The Holy Spirit is for von Balthasar the director, who takes the author's text, interprets, and allows it to speak "in a living and spiritual manner," by "prompting, inspiring, and organizing the actors as they bring their talents and energies to their respective roles." Steck, 55.
Trinity by Lucas Cranach the Elder
So, to put it all together, "God the author brings the dram 'into being as a unity'; God the actor conceives and executes his role 'on the basis of a single, unified vision.'; and God the director comes up 'with a unified vision embracing both the drama (with the author's entire creative contribution) and the art of the actors (with their very different creative abilities).'" Steck, 56 (quoting TD 1.268, 284, 298)
To view Jesus as the divine "actor" in this theodrama allows us to view him further as an actor in a form of tragedy. He is, as it were, a personification of the Greek tragic figure "who now does what Greek tragedy could never do: tie the contingent to the absolute in a universal way that stamps every existent with its pattern." Steck, 56. Jesus overcomes the limitations of philosophy (its universal, non-concrete quality) and the limitations of Greek tragedy or myth (its contingency, its lack of basis in reality). Jesus is the "concrete universal." Steck, 56. (Jesus as the "concrete universal" is another way of stating the historical, ontological, and religious "scandal of particularity" we find in Jesus.)
The reason Jesus is the "concrete universal" is that he "opens for the finite, historical creature a stage in which his finitude is granted eternal (absolute) meaning." The infinite absolute and universal become man in a contingent, particular, concrete existence in the Incarnation. This bound together into one divine person both the universal and concrete, both God and man, the Uncreated Absolute and the created particularity.
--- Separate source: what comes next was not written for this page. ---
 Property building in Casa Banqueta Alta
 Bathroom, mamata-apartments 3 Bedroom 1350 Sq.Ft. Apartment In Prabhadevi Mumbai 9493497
It thus allows man to overcome his contingent existence and through this "concrete universal" himself become part of the absolute.
As we stated in our last posting, von Balthasar's view of the Christ-event as a sort of theodrama, and this triadic division of the theodrama into author-actor-director is wed to his Christian ethics. "Whatever form of divine command ethics appears in von Balthasar, it must be interpreted in light of a God who 'authors' our play and give us our (christological) roles but who also makes room for our contribution as we are prompted by the Spirit." Steck, 56. Succinctly, the moral life is participation in the theodrama.